# General > Events, field trips and gatherings >  White Cloud Mountain Minnow in the wild

## MrTree

Last Sunday, I went to Wang Zi National Forest Park with a group of fishy boys & girl. The forest park is located at the Hua Du of Guangzhou city, about 2 hours from town center by public transport. 


We paid RMB 20 entrance fee and the trekking trail starts after these few restaurants.



In the pond of one of the restaurant, where they keep some food fish. I spotted some small fish....Initially I thought they were Mosquito fish because of the size! But closer look revealed that they were in fact well fed _Tanichthys albonubes_ ! And of course it's reddish tail makes a difference. 

We started to walk.....quite slowly because my friends are PLANT person..

and we saw this climber flowering! _Mucuna birdwoodiana_



The Chinese name is 禾雀花 , looks quite alike!

----------


## MrTree

The trekking trail is all the way along the stream..but nothing can be found inside. Not even a shrimp...wired...



But along the bank, we found a few Jewel Orchid. 



And along the road, some other very small orchid flowers





There were a little rainy, so I used flash till end of the day.

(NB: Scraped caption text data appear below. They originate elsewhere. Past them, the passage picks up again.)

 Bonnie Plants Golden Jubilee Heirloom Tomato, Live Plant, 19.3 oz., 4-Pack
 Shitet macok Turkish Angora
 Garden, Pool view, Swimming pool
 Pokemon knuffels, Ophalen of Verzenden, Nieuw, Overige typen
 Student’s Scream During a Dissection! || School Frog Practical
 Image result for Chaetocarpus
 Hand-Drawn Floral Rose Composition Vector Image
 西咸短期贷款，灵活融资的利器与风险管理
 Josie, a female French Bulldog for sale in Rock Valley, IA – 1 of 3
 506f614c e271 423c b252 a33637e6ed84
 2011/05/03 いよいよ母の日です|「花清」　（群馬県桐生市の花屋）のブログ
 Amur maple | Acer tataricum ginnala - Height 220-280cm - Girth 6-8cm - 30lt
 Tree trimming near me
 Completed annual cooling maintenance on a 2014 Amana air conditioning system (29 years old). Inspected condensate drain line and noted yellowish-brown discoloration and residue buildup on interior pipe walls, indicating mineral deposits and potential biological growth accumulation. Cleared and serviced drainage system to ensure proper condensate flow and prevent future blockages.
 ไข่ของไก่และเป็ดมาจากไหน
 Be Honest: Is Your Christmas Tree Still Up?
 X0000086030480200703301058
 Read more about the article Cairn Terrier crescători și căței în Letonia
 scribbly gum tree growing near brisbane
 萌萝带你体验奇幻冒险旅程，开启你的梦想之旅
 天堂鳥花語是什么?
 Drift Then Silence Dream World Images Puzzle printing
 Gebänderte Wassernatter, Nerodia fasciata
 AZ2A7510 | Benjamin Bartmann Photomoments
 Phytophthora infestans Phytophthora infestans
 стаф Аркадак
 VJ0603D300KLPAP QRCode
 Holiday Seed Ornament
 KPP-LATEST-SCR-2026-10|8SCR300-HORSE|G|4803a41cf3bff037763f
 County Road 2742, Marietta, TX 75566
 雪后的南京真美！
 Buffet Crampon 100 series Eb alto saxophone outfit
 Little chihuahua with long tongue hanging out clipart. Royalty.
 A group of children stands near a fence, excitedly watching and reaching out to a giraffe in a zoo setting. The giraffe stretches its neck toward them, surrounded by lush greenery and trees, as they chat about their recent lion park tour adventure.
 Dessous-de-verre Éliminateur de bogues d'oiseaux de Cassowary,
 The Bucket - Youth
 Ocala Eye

Some locals were collecting this fern for makan...

----------


## MrTree

Also captured three pc of skink...and turned out to be 3 species..released after photography session at the restaurant of course..

_Tropidophorus berdmorei_, I think..got this from the White Cloud Mountain too.



_Mabuya multifasciata_, I think



_Sphenomorphus maculatus_, I think...caught with my fish net..and lost it's long tail..

----------


## MrTree

Some insects...the pics suck...













And only this one I know.._Pyrobs candelaria_

----------


## MrTree

Nothing much in the stream, since we came here fishing, so we decided to turn back...only completed 1/3 of the trekking tail..supposed to be a 2 to 3 hours trail but we took 3 hours to complete 1/3.....

Back to the restaurant, we asked around where we could catch fish but the answer was nagative..the owner of the restaurant even told me the small minnows are BABY of the big fish inside the pond!! 

So we came back to the entrance, then we stepped into water again..the flow is now slow..



And BINGO! Damn swee!



But majority were _Parazacco spilurus_, 4 big men only caught 20 pc of white clouds...



then as we went further down, at the part where the bus stop is, we collected some _Acrossocheilus parallens_.



And some _Rhinogobius_ sp (Yet to determine) and a _Pterocryptis anomala_.



Then came back took this.



These are most likely released population by the government..but still WILD I must say.. :Blah:

----------


## budak

the colours look much better than shop fish leh. steady lah mr minnow hunter!

----------


## MrTree

> the colours look much better than shop fish leh.


Which wild caught fish is not?  :Grin:

----------


## kuching

Wowww.....that place also got lantern bug!!! My favourite! :Smile:

----------


## MrTree

> Wowww.....that place also got lantern bug!!! My favourite!


It's called "Longang Cichken" in chinese..so alot can be found on Longang tree. They actually appeared in early March, warm winter this year...

----------


## bornNeo

Beautifull fish(es)!!  :Cool:  
Especially the last pic.

Here, fern (green) also use as vegetable, especially in Central Kalimantan. But one must knew the cooking technic, if not it will have  :Confused:  taste.

----------


## Happy Camper

Hello Mr Tree

Amazing photography if you ask me, you are too modest  :Smile: 
I like Mountain Minnows very much, Last week I received some beautiful specimens from a fellow hobbyist. If you care to take a look you can see them in this thread I started on a local forum. There is also a very interesting story of how the fish got its name, please see link below.
http://www.guppiesforyuppies.co.za/c...?TID=2393&PN=1

Thanks for sharing your photos, they are great!

----------


## mervin

mine never look like this in my tank !

----------


## barmby

Wow. Very nice white cloud. Platinum colored somemore.

----------


## ranmasatome

> Some insects...the pics suck...
> 
> Family Chrysomelidae.. i think
> 
> 
> 
> 
> 
> 
> ...


From what i can see... i've added the simple families they come from.. genus can guess but take more time..species have to look closer.. :Grin:

----------


## MrTree

closer pls.  :Razz:

----------